We know Bajorans light candles for the dead, although it's not established whether they believe the dead appreciate this, or whether they just think the living do.
Bajoran religion was formed before the Bajorans actually visited the Celestial Temple much; even the Orbs only appeared about 10,000 years before the events of the show, and Bajoran (mono)culture is supposedly much, much older than that. Yet there might be ideas about nonlinearity of time in the Bajoran religion - many Earth ones have those, chiefly because life on Class M planets really is cyclic rather than linear in fundamental nature. The concept of "the dead not really being dead" might well exist free of the burden of the concept of "afterlife", then: the dead die, but there's no past or future so they aren't gone but instead live right "now".
Our best look at Bajoran treatment of death might be "The Next Phase", where Ro Laren, self-presumed dead, quotes Bajoran belief in a purgatory-type stage where the dead briefly exist as spirits and make peace with their former existence. What (if anything) follows is never established, though (LaForge mentions afterlife, but Ro doesn't really react to that). Certainly no heaven vs. hell type choice causes worry in Ro!

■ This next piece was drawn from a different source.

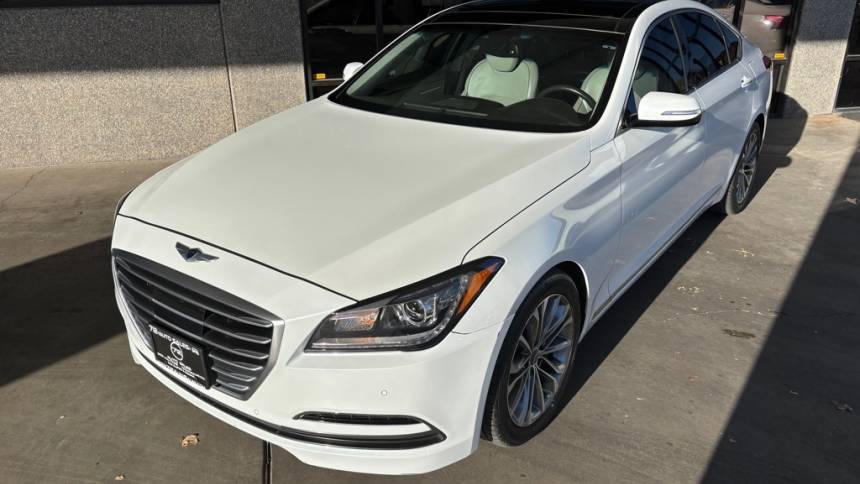 2015 Hyundai Genesis 3.8 — Sedan — 60,920 mi — Albuquerque, NM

Where the understanding is that it's our reality in the future.
Not exactly. Historically, it might be the future of our grandfathers, but that history has significantly diverged from ours in the 1960s already. And the universe itself is massively different from the get-go, including warp drives and Vulcans. There's no particular reason to
disbelieve in Biblical tall tales in a universe where the God Apollo did exist for real!